# AIM OF THE EXERCISE:
The required answer is an exact copy of the lines from the one containing "Plafonnier LED Blanc" to the end of the listing, both included, without any pictures.

# PROVIDED DATA:
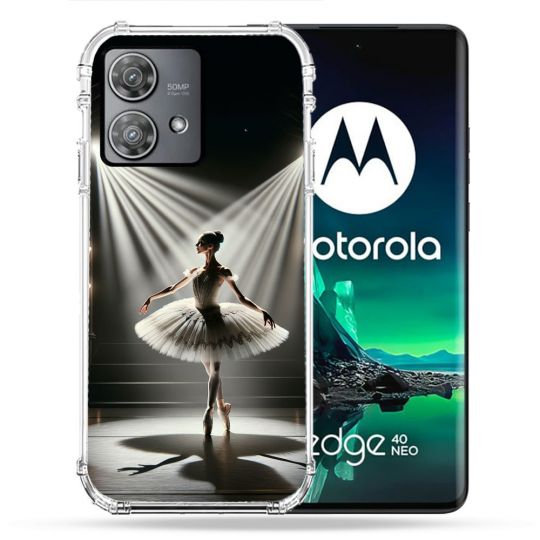 Coque Renforcée Pour Motorola Edge 40 Neo Danseuse Lumière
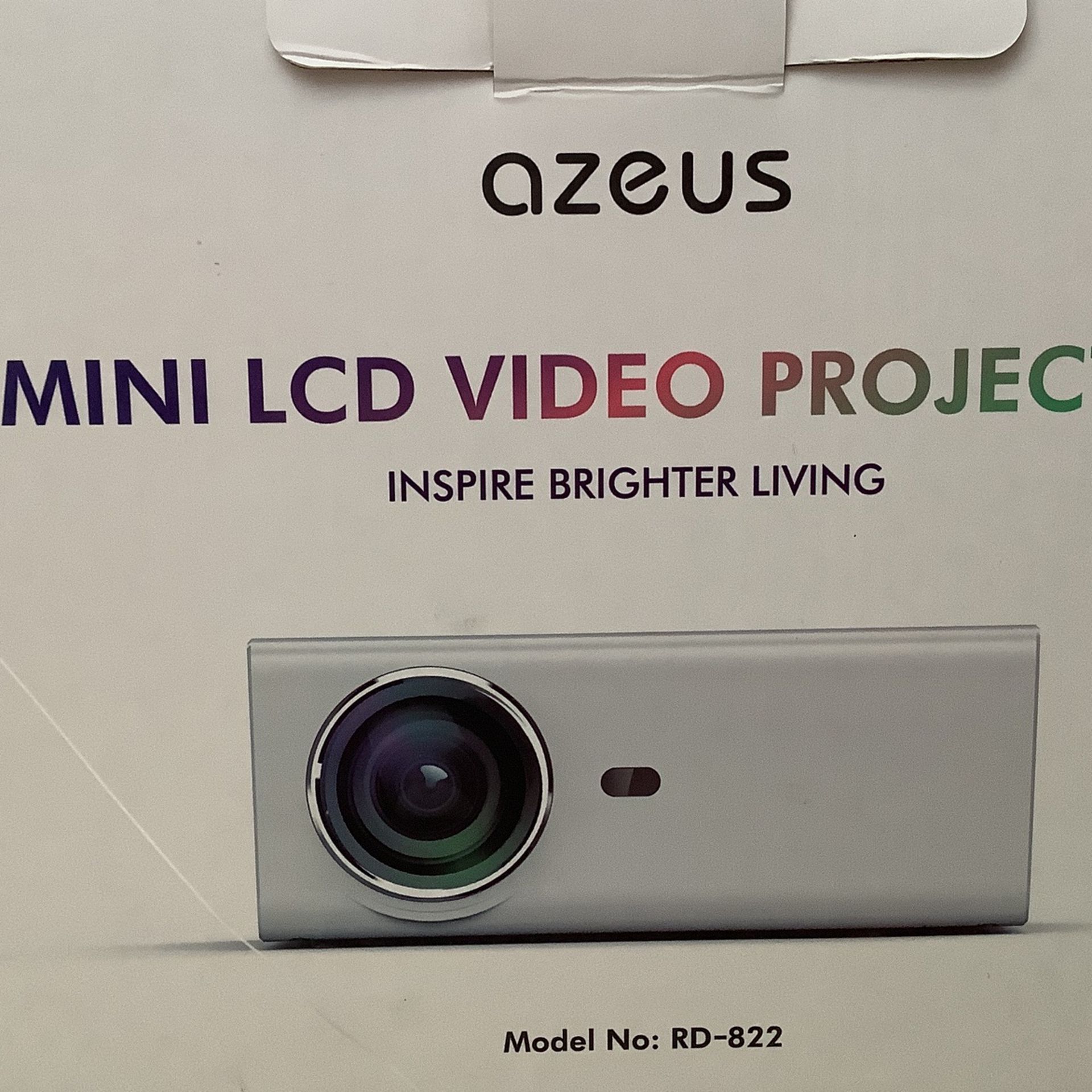 Azeus Projector With Screen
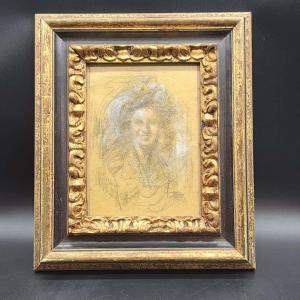 Portrait Of A Woman, Mixed Media, Between 19th And 20th Century, Signed By Antonio Mancini.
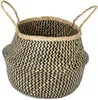 Aufbewahrungskorb mit Griff – Seegras – rund 35 cm – Produktbild-Vorschau 2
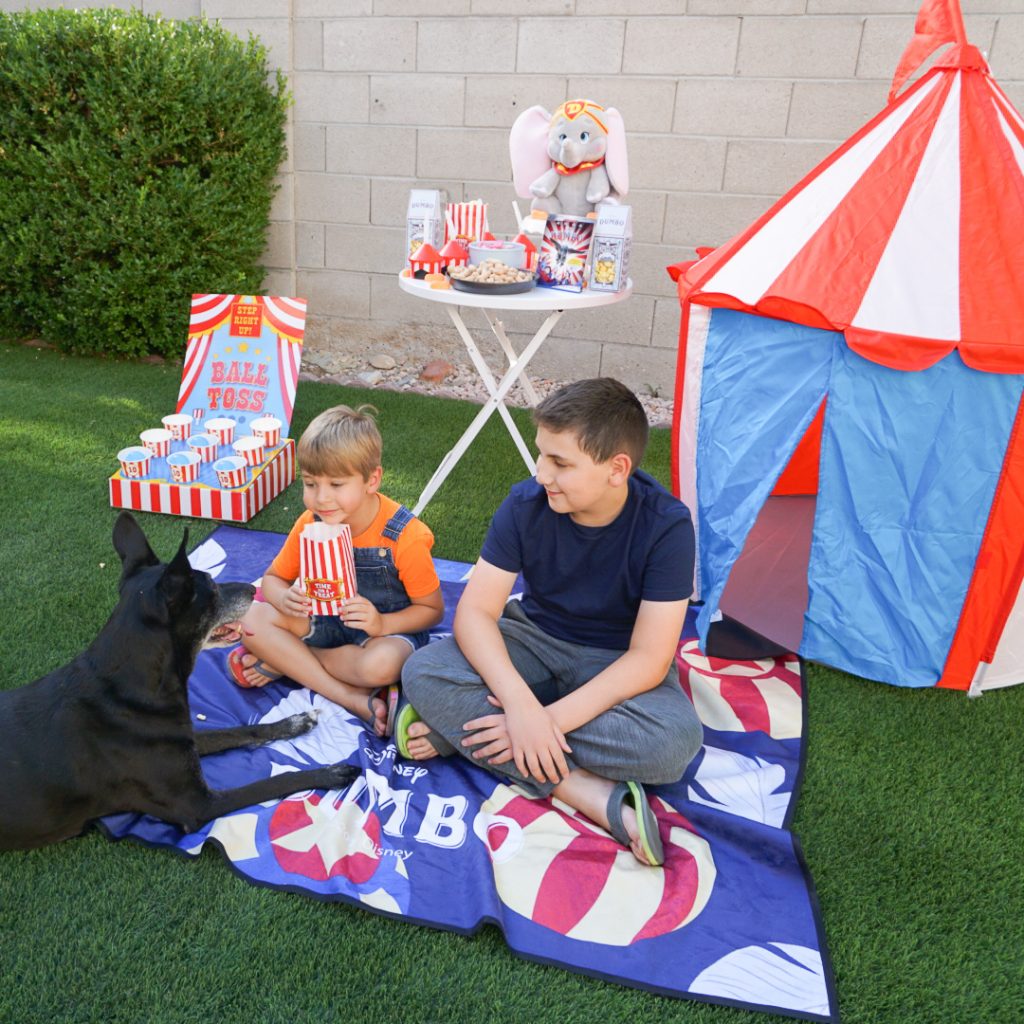 Hosting a Vintage Circus theme party or adorable DIY Disney Dumbo birthday party? Check out these ideas we used for our movie night, including games, food, decorations, activities, and more.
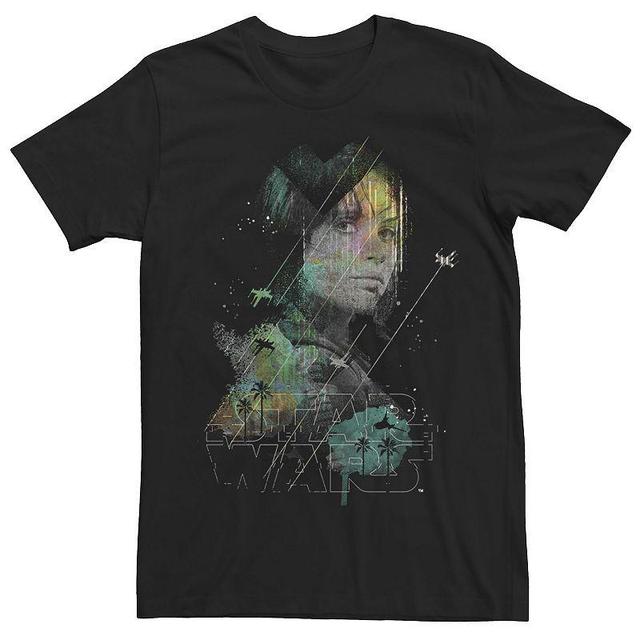 Mens Star Wars Rogue One Jyn Erso Space Stylized Graphic Tee Product Image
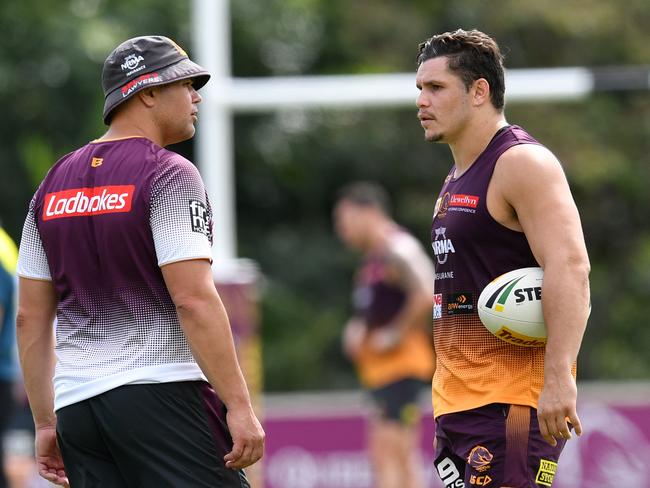 James Roberts (right) was miserable under Seibold. Picture: AAP/Darren England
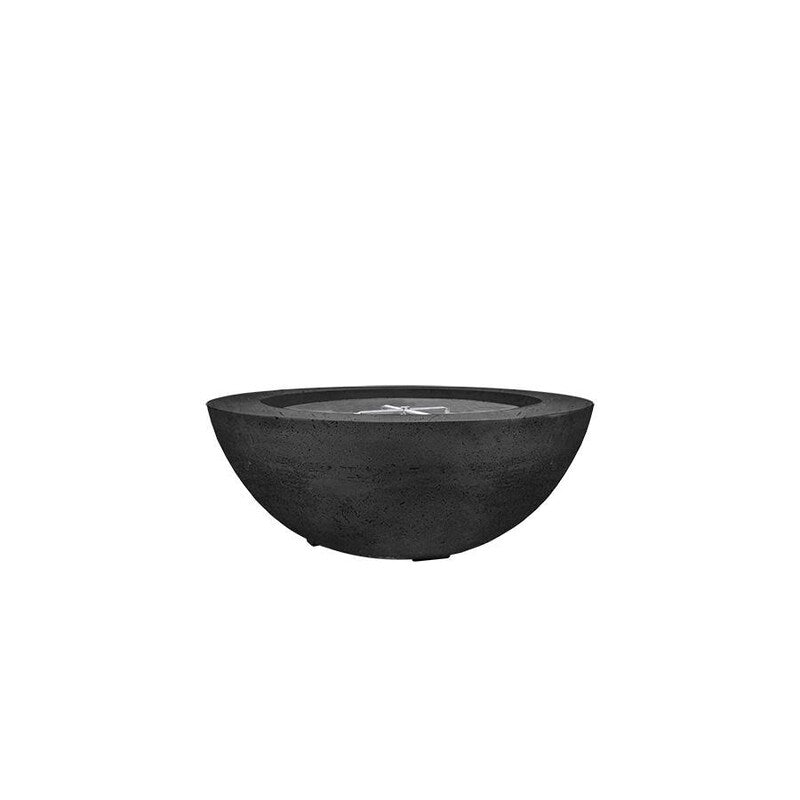 Lakeview Valley Bay 6 39-Inch Natural Gas Round Fire Bowl - Ebony - SCPH-440-2NG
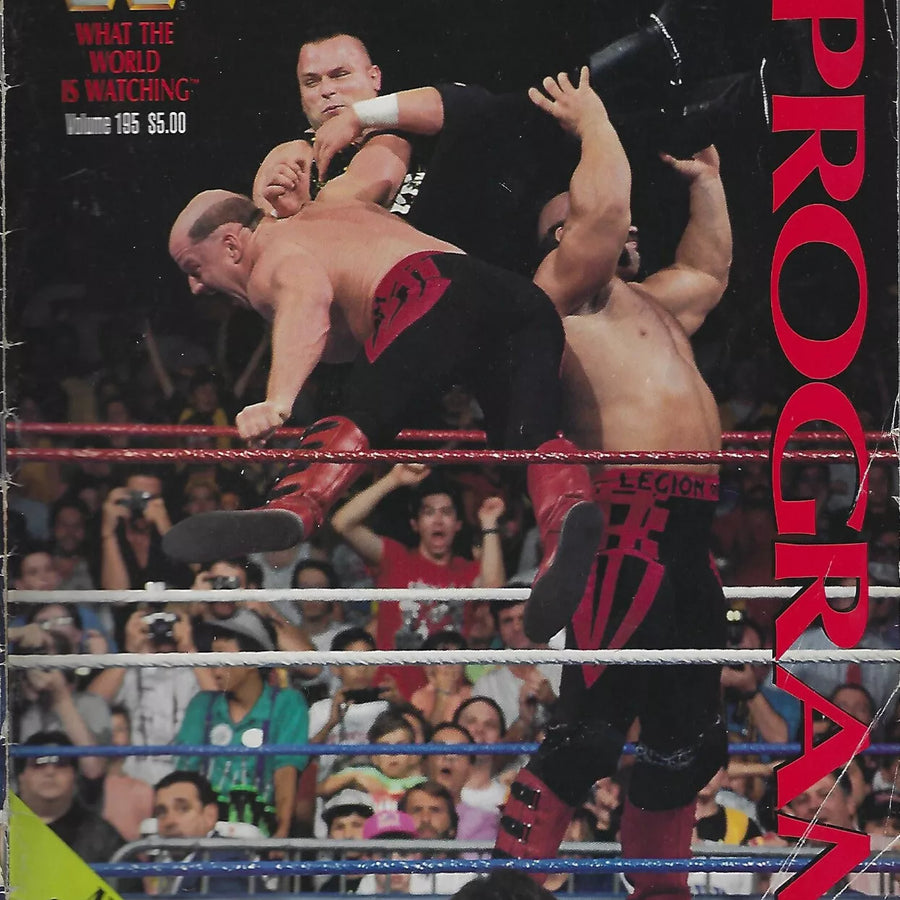 WWF Wrestling Program Volume 195 Magazine PWcatalog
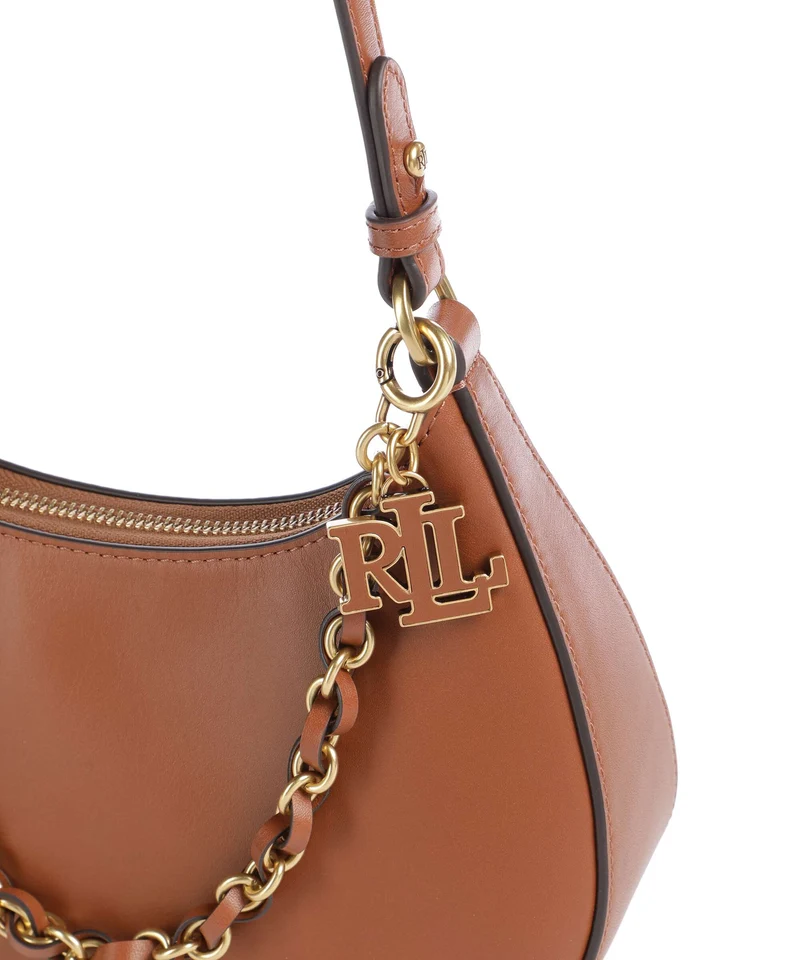 Lauren Ralph Lauren Marcy Medium Schultertasche lauren tan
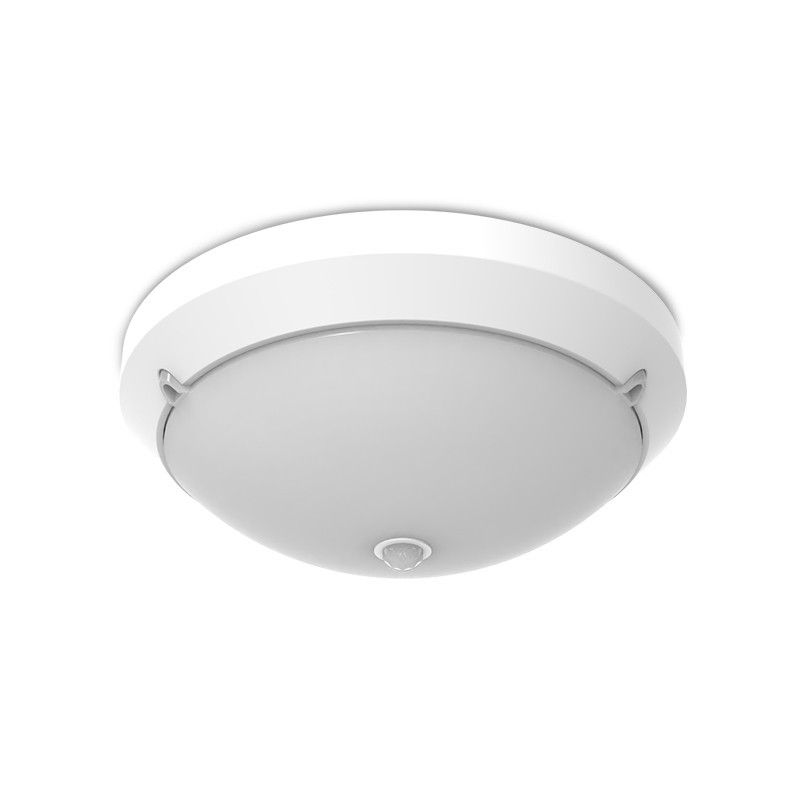 Plafonnier LED Blanc + Détecteur IR Ø300 20W 3000K - Garantie 5 ans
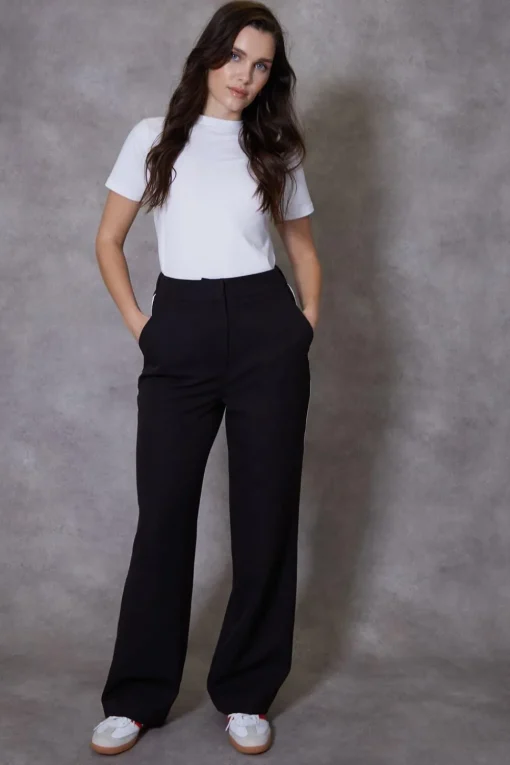 'Blackpool' Tailored Trousers With Piping Detail
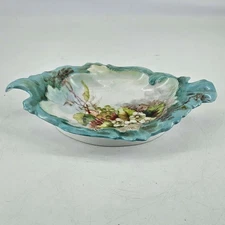 Antique Porcelain Candy Jewelry Trinket Dish T&V Limoges Hand Painted floral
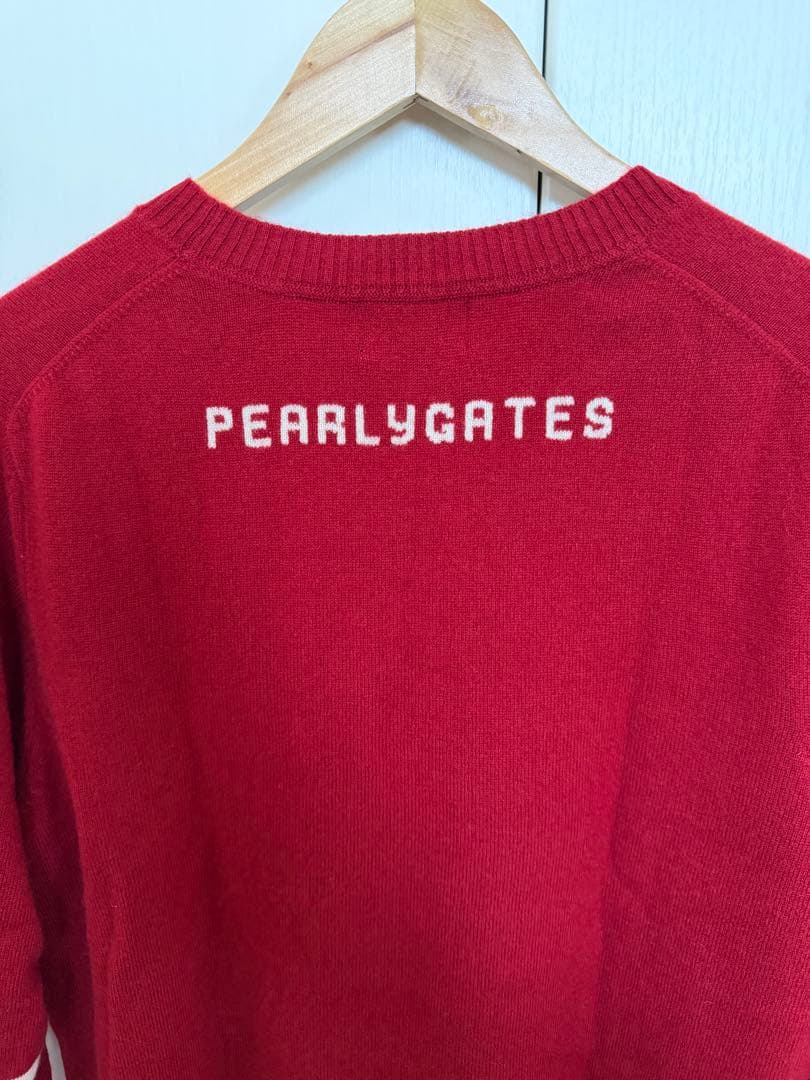PEARLY GATES カシミア100% セーター ゴルフ パーリーゲイツ 5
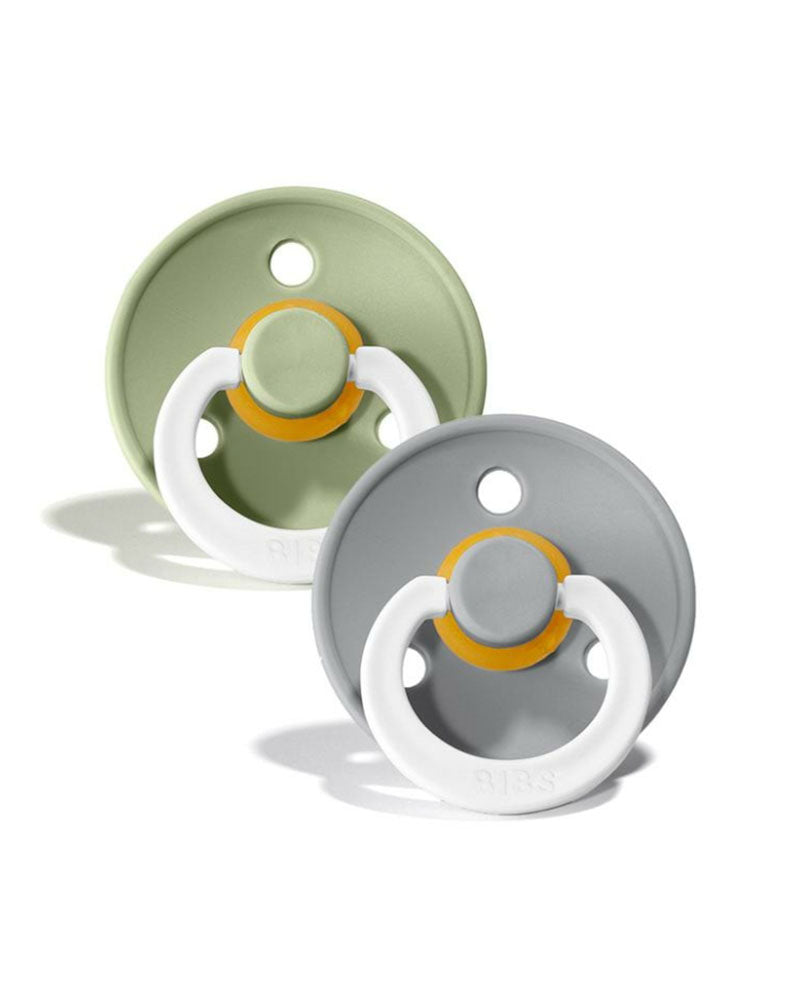 عبوة من 2 لهايات ليلية مستديرة من بيبس- رمادي/سحابي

# FINISHED TASK:
 Plafonnier LED Blanc + Détecteur IR Ø300 20W 3000K - Garantie 5 ans
 'Blackpool' Tailored Trousers With Piping Detail
 Antique Porcelain Candy Jewelry Trinket Dish T&V Limoges Hand Painted floral
PEARLY GATES カシミア100% セーター ゴルフ パーリーゲイツ 5
 عبوة من 2 لهايات ليلية مستديرة من بيبس- رمادي/سحابي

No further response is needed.